PROMPT: All of the data should be repeated exactly; pictures are not part of the copy.

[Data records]
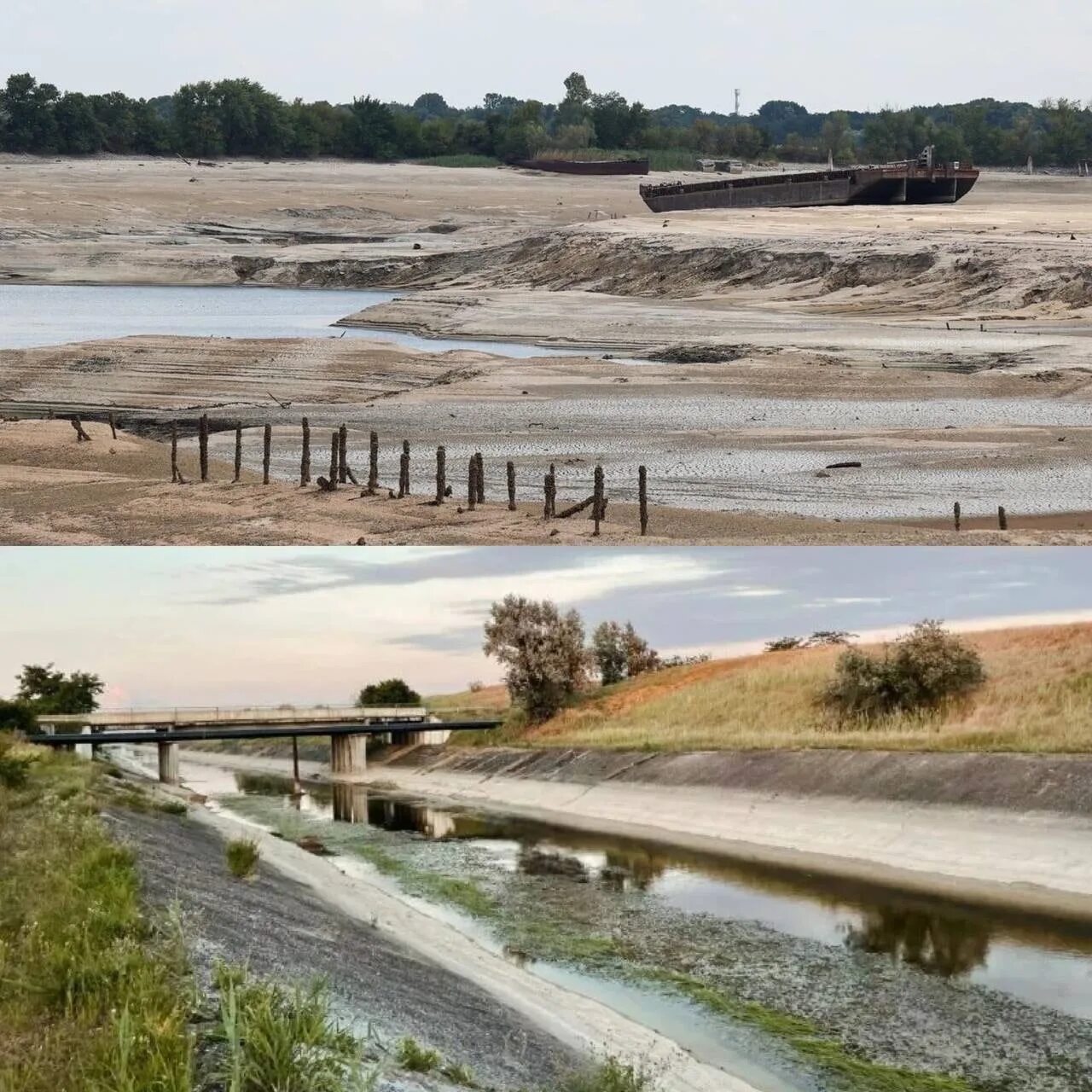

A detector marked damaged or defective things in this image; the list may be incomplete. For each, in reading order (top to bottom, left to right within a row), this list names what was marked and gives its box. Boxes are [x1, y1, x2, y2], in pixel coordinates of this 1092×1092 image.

rusted ship hull [512, 157, 648, 176]
rusted ship hull [642, 161, 983, 212]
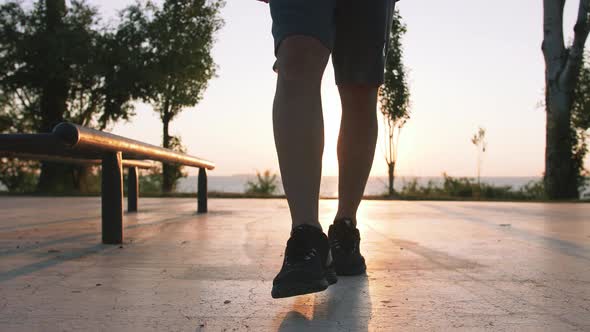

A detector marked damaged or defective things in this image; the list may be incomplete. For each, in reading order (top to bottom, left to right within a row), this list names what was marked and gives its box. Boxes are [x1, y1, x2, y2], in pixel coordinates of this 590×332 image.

cracked concrete surface [1, 198, 590, 330]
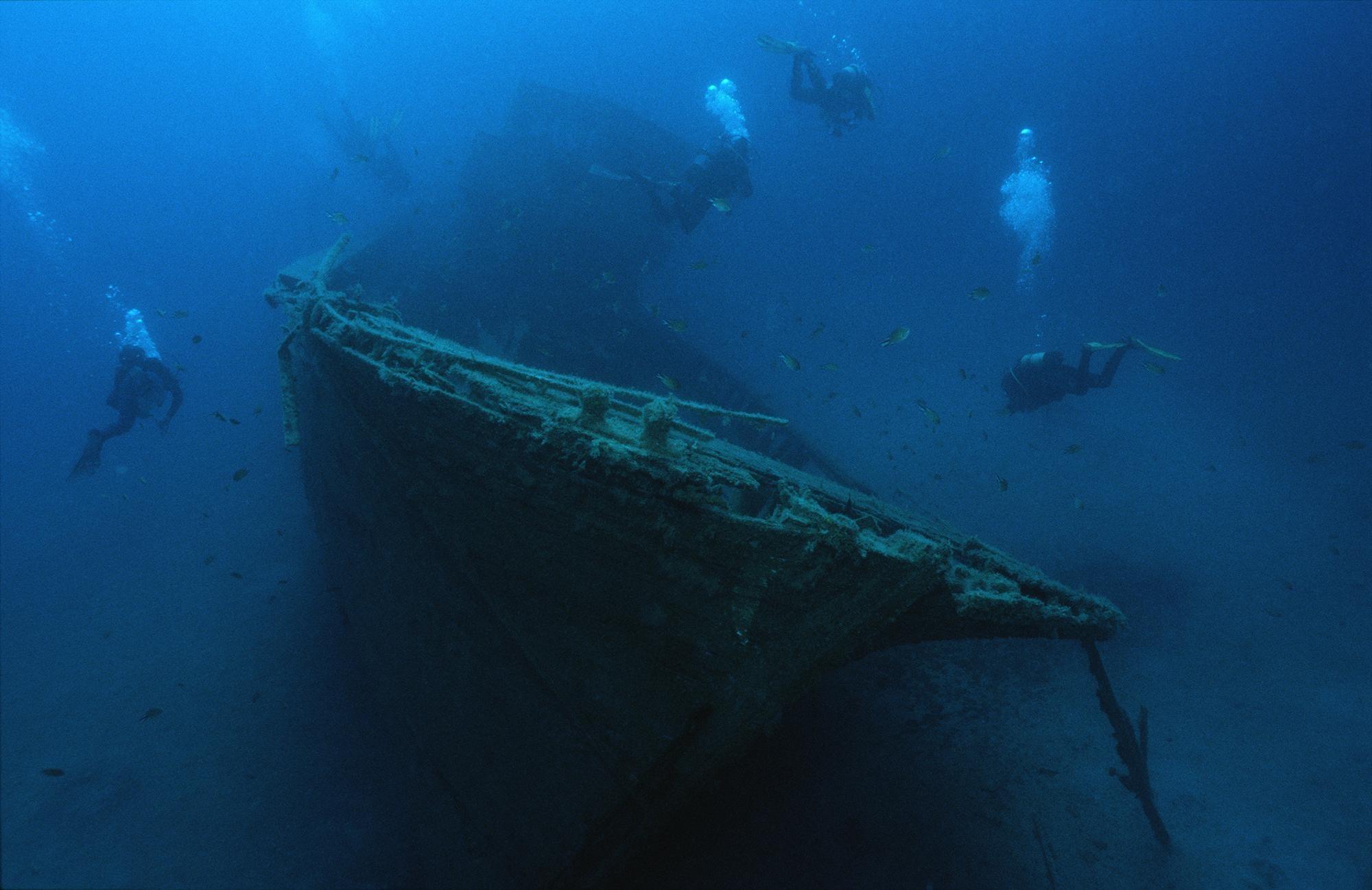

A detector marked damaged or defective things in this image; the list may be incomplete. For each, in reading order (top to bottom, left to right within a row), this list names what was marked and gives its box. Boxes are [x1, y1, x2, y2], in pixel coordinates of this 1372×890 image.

corroded hull [276, 289, 1114, 883]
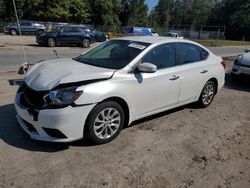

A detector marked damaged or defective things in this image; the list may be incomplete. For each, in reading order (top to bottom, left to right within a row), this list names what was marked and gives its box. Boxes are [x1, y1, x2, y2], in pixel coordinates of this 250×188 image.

damaged headlight [48, 86, 83, 106]
damaged white car [14, 36, 226, 143]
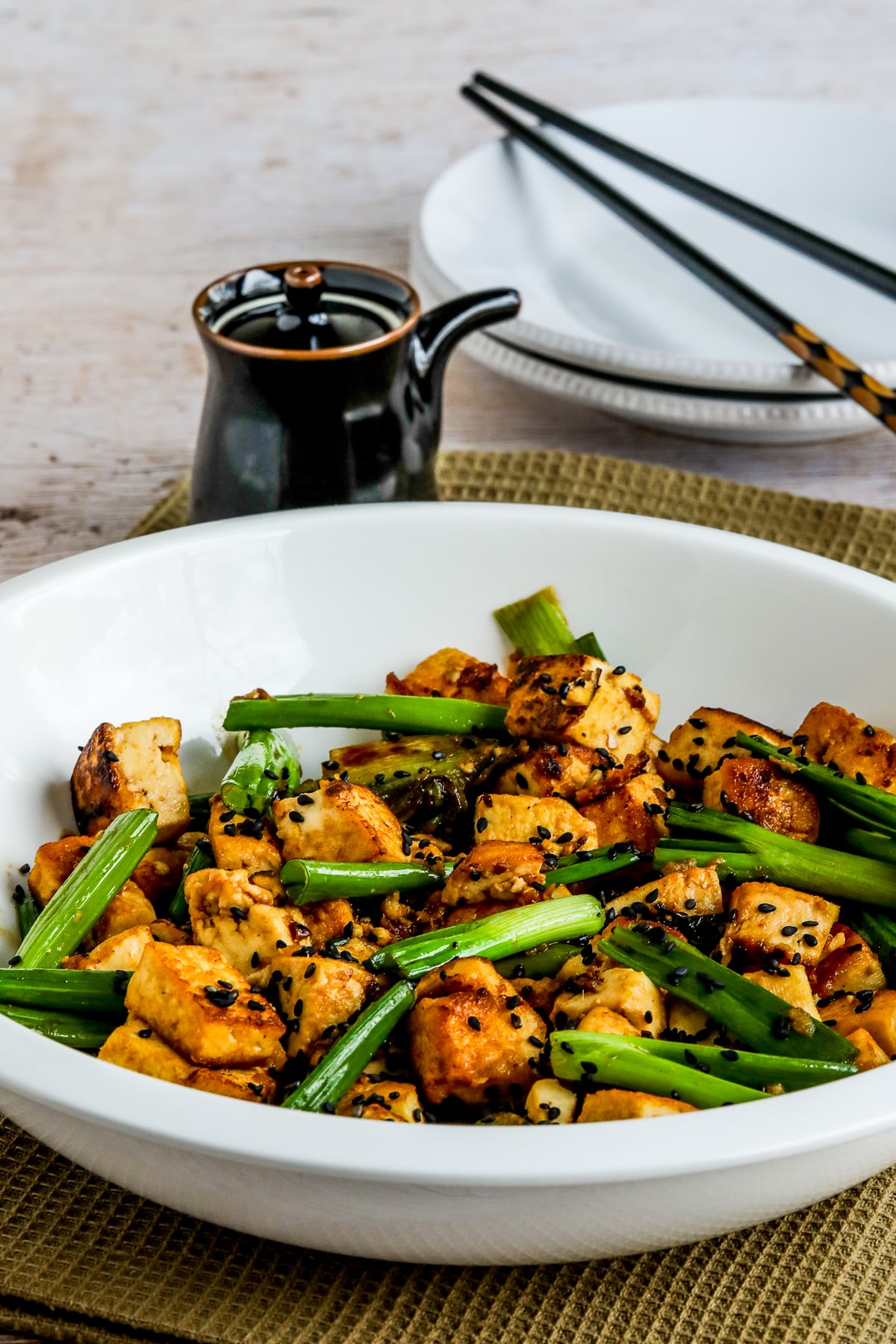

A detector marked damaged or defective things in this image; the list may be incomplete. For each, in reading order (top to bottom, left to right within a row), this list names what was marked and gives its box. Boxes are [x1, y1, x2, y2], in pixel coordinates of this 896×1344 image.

charred scallion piece [223, 693, 508, 736]
charred scallion piece [220, 731, 300, 812]
charred scallion piece [15, 806, 158, 968]
charred scallion piece [166, 833, 214, 930]
charred scallion piece [281, 854, 448, 908]
charred scallion piece [666, 800, 896, 908]
charred scallion piece [367, 897, 607, 983]
charred scallion piece [0, 1010, 119, 1048]
charred scallion piece [0, 968, 129, 1010]
charred scallion piece [283, 978, 416, 1113]
charred scallion piece [550, 1032, 768, 1107]
charred scallion piece [553, 1027, 854, 1091]
charred scallion piece [607, 924, 859, 1059]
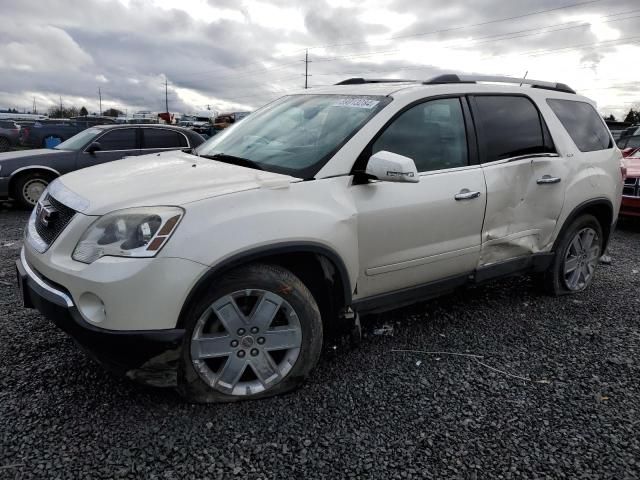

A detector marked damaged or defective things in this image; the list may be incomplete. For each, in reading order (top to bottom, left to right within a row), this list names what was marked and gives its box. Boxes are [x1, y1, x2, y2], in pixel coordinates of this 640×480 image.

damaged white suv [15, 74, 624, 402]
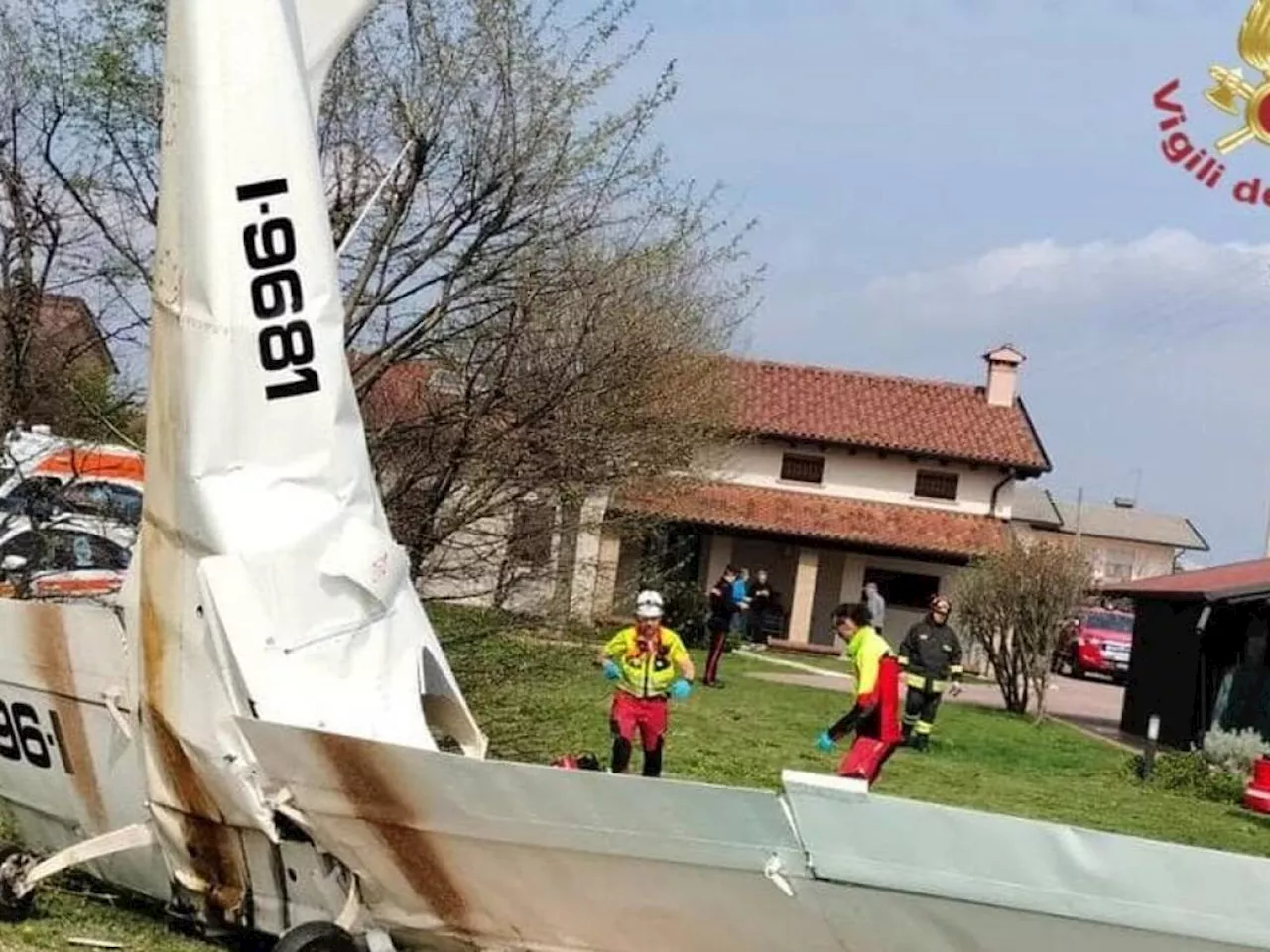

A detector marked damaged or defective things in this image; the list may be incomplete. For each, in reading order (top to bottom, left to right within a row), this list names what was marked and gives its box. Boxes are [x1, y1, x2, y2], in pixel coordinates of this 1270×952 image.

rust stain on fuselage [24, 604, 109, 832]
rust stain on fuselage [318, 736, 477, 934]
crumpled metal panel [242, 721, 848, 952]
crumpled metal panel [782, 772, 1270, 949]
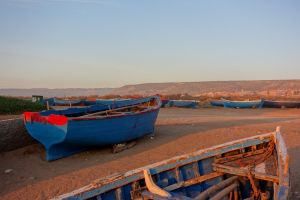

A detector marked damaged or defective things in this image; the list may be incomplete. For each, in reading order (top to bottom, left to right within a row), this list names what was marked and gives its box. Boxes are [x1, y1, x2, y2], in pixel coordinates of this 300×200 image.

rusted metal frame [214, 148, 266, 164]
rusted metal frame [163, 171, 224, 191]
rusted metal frame [209, 182, 239, 200]
rusted metal frame [213, 163, 278, 184]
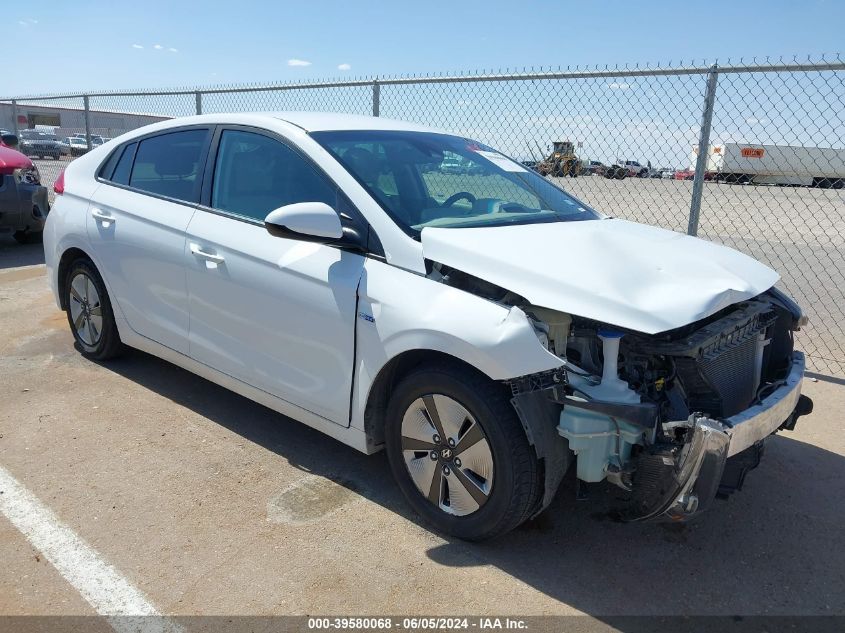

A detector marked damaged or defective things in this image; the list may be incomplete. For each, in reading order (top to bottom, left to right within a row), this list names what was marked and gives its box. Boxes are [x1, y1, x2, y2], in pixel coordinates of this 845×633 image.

crumpled hood [420, 218, 780, 334]
damaged bumper [628, 348, 812, 520]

REPLY:
A detector marked damaged or defective things in this image; the list may be incomplete. For each, in reading order (top to bottom, left to right within a row), this list names what was marked and gives its box. Boxes are [x1, y1, x2, y2], in pixel coordinates of this 1092×1092 image.

rusted ship hull [512, 157, 648, 176]
rusted ship hull [642, 161, 983, 212]

A detector marked damaged or defective things in this image; the list may be incomplete. For each, in reading order (top to bottom, left to right within a row), this list names what was marked and gives its box. Boxes are [x1, y1, x2, y2], in pixel coordinates of this 590×332 image.

cracked concrete surface [1, 198, 590, 330]

A detector marked damaged or defective things in this image; the list may be incomplete. For each, in reading order (top to bottom, left to right within a row), this list names what was marked and gives its box. Boxes are [x1, y1, x2, y2], in pixel coordinates of this 1372×890 image.

corroded hull [276, 289, 1114, 883]

A detector marked damaged or defective things in this image; the list may be incomplete. For each, in reading order (top to bottom, left to right within a row), this list names what was marked and gives its box. Boxes are [x1, y1, x2, y2], in pixel coordinates of this 250×188 image.

damaged headlight [48, 86, 83, 106]
damaged white car [14, 36, 226, 143]

A detector marked damaged or defective things in this image; the list may be incomplete. For each, in reading order (top to bottom, left to right within a row), this list names what was marked and gives its box. Boxes are [x1, y1, x2, y2], in pixel coordinates of this 896×1344 image.

charred scallion piece [223, 693, 508, 736]
charred scallion piece [220, 731, 300, 812]
charred scallion piece [15, 806, 158, 968]
charred scallion piece [166, 833, 214, 930]
charred scallion piece [281, 854, 448, 908]
charred scallion piece [666, 800, 896, 908]
charred scallion piece [367, 897, 607, 983]
charred scallion piece [0, 1010, 119, 1048]
charred scallion piece [0, 968, 129, 1010]
charred scallion piece [283, 978, 416, 1113]
charred scallion piece [550, 1032, 768, 1107]
charred scallion piece [553, 1027, 854, 1091]
charred scallion piece [607, 924, 859, 1059]

A detector marked damaged or defective things in this image; the list may be incomplete. For each, in reading order (top to bottom, left to right within a row), this list names what was marked and gives its box. Boxes are [x1, y1, x2, y2], in pixel coordinates of this 640×480 image.

damaged white suv [15, 74, 624, 402]

A detector marked damaged or defective things in this image; the list may be incomplete. For each, in reading order (top to bottom, left to right within a row), this list names what was marked and gives its box. Boxes are [x1, y1, x2, y2], in pixel coordinates of this 1270×952 image.

rust stain on fuselage [24, 604, 109, 832]
rust stain on fuselage [318, 736, 477, 934]
crumpled metal panel [242, 721, 848, 952]
crumpled metal panel [782, 772, 1270, 949]

A detector marked damaged or defective things in this image; the list may be incomplete. For each, in reading order (top to bottom, left to right within a row), this list names what was marked and gives its box. Boxes are [x1, y1, x2, y2], in pixel coordinates of this 300×200 image.

rusted metal frame [214, 148, 266, 164]
rusted metal frame [163, 171, 224, 191]
rusted metal frame [209, 182, 239, 200]
rusted metal frame [213, 163, 278, 184]

A detector marked damaged or defective things in this image; the list may be incomplete. For each, in reading order (top to bottom, left to right within a row), this list names what was marked and gives its box. Boxes are [x1, y1, x2, y2], in pixel coordinates of this 845×633 image.

crumpled hood [420, 218, 780, 334]
damaged bumper [628, 348, 812, 520]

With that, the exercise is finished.